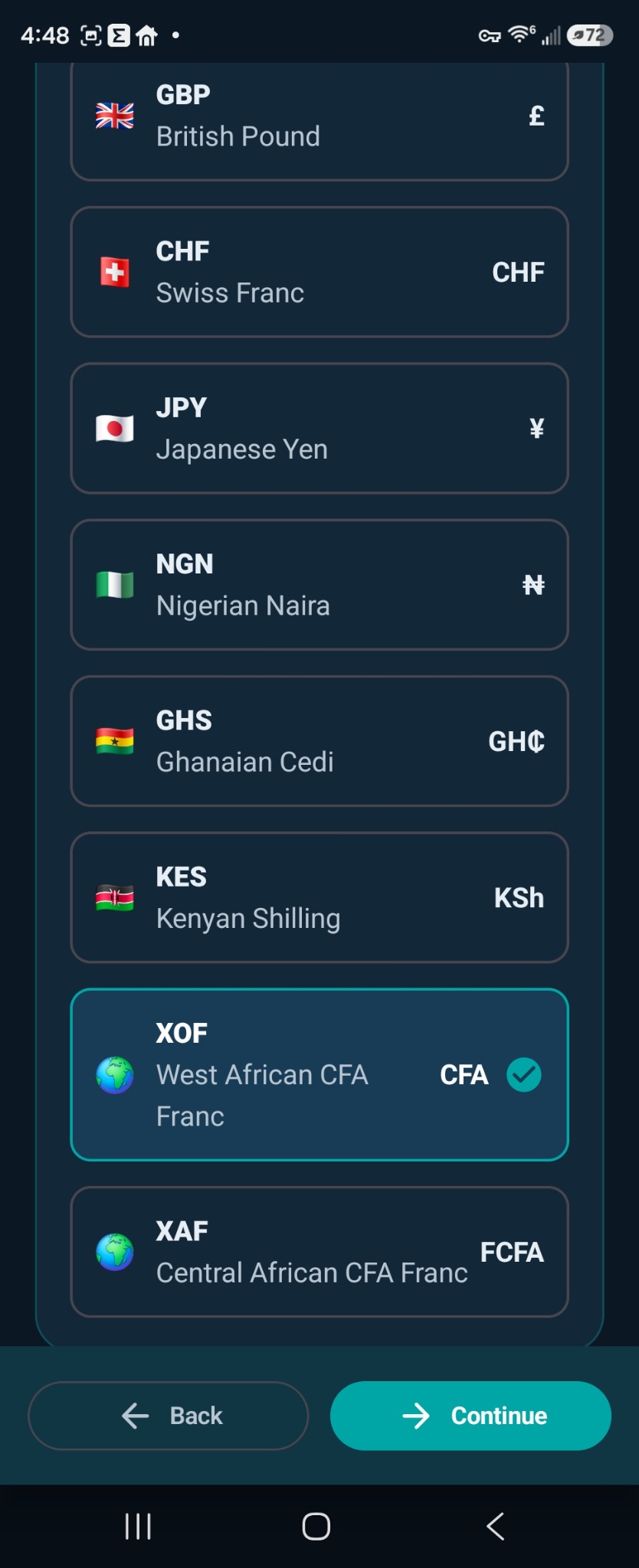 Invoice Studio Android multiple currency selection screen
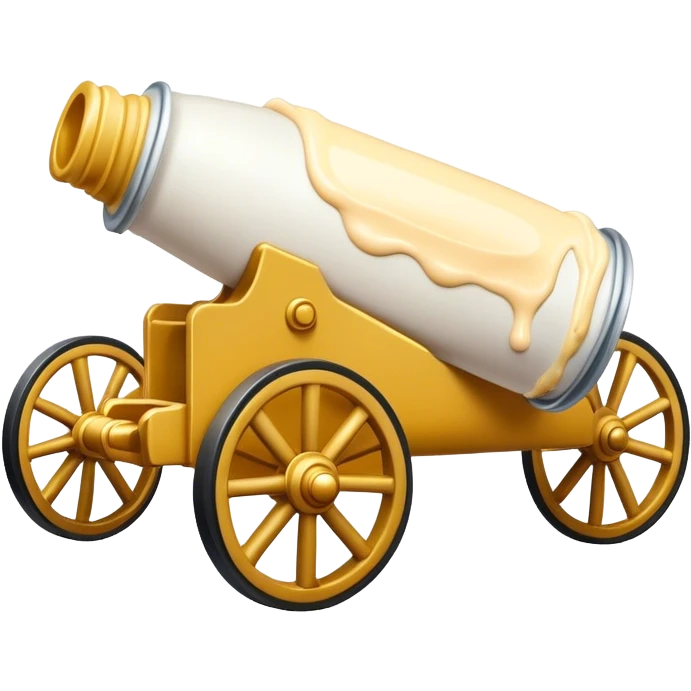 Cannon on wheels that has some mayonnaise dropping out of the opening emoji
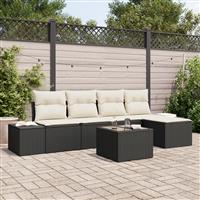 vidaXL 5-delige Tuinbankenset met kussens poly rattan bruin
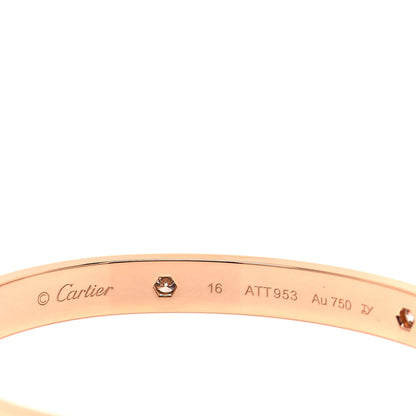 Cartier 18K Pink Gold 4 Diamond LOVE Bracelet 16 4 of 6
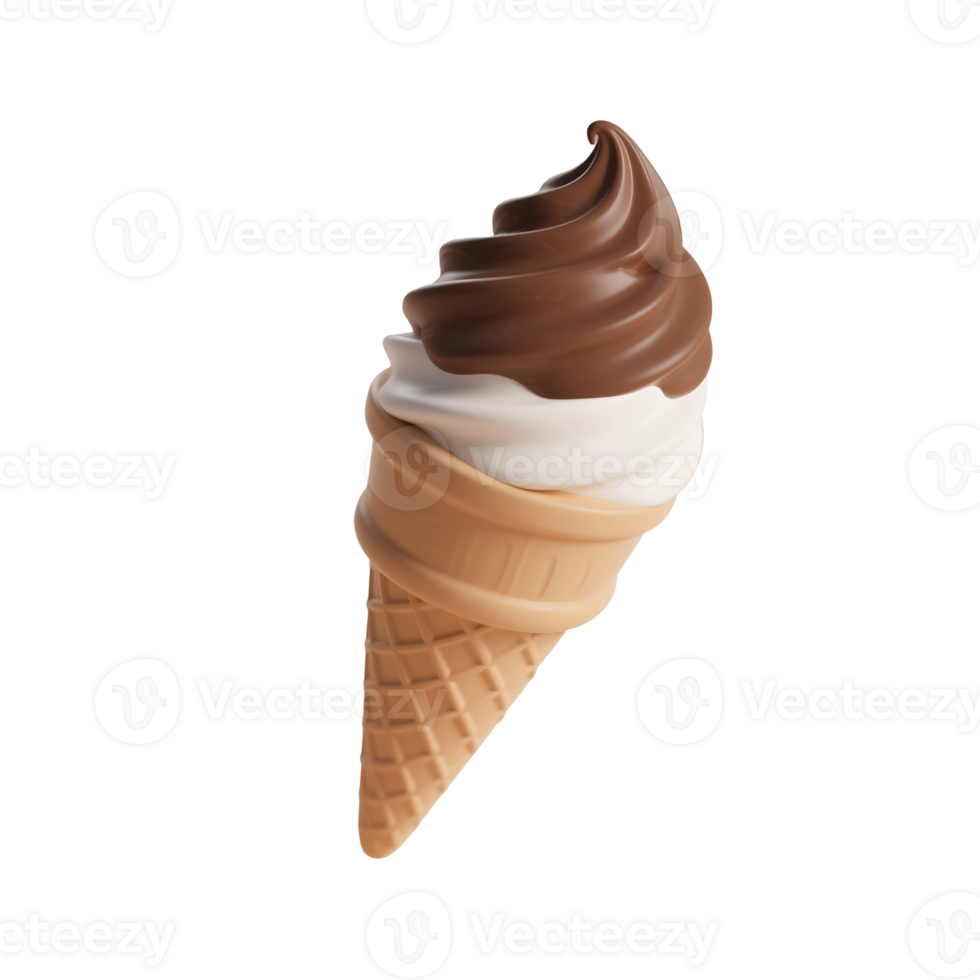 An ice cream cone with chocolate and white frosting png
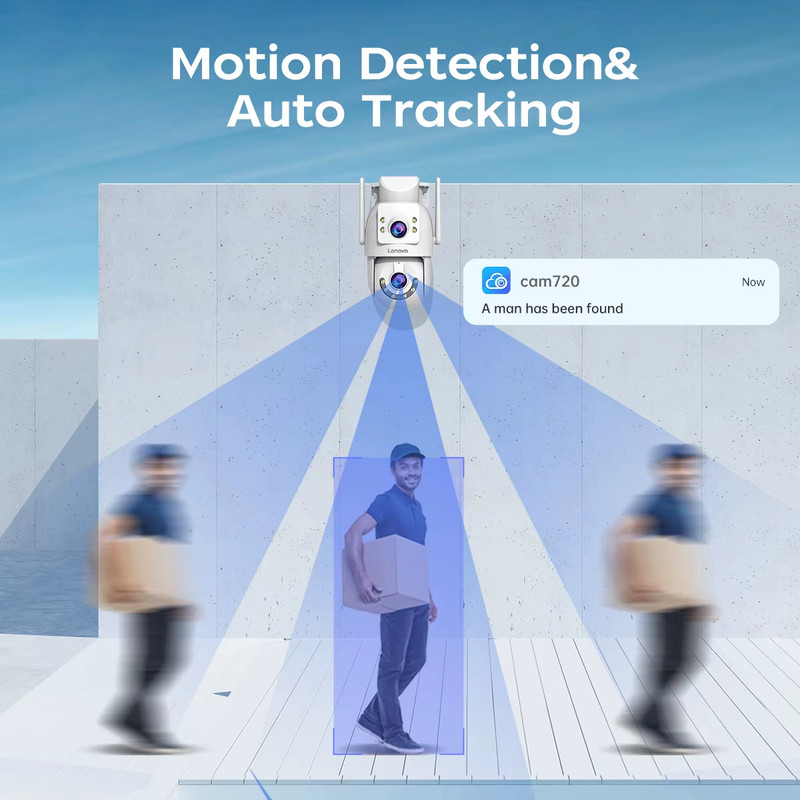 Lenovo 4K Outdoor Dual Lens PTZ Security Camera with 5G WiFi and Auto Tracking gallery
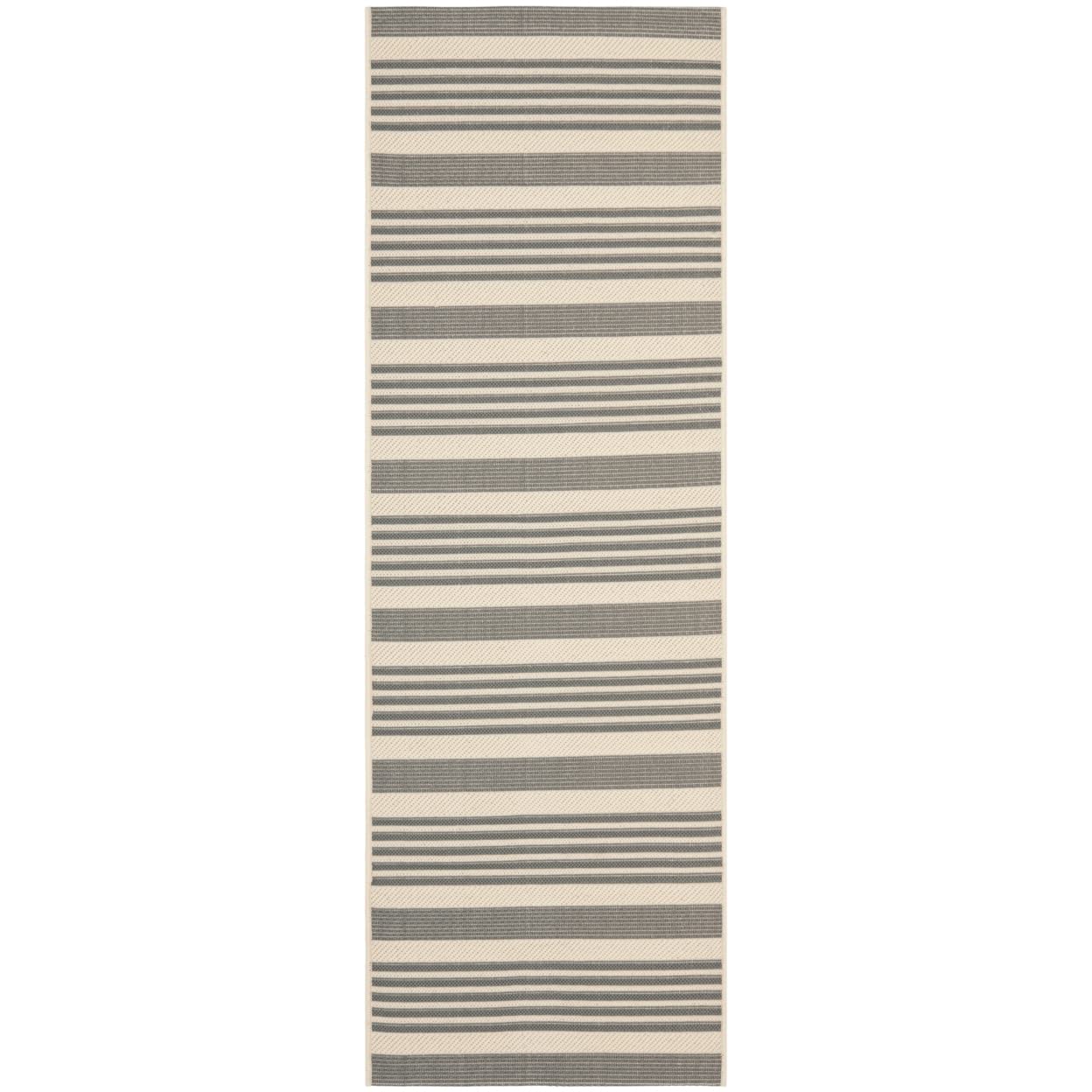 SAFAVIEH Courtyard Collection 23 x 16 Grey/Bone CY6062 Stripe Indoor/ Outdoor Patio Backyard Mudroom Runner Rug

★ ★ ★ ★

Action item
The answer must be a word-for-word copy of all the entries, containing no pictures.

Output below
 Invoice Studio Android multiple currency selection screen
 Cannon on wheels that has some mayonnaise dropping out of the opening emoji
 vidaXL 5-delige Tuinbankenset met kussens poly rattan bruin
 Cartier 18K Pink Gold 4 Diamond LOVE Bracelet 16 4 of 6
 An ice cream cone with chocolate and white frosting png
 Lenovo 4K Outdoor Dual Lens PTZ Security Camera with 5G WiFi and Auto Tracking gallery
 SAFAVIEH Courtyard Collection 23 x 16 Grey/Bone CY6062 Stripe Indoor/ Outdoor Patio Backyard Mudroom Runner Rug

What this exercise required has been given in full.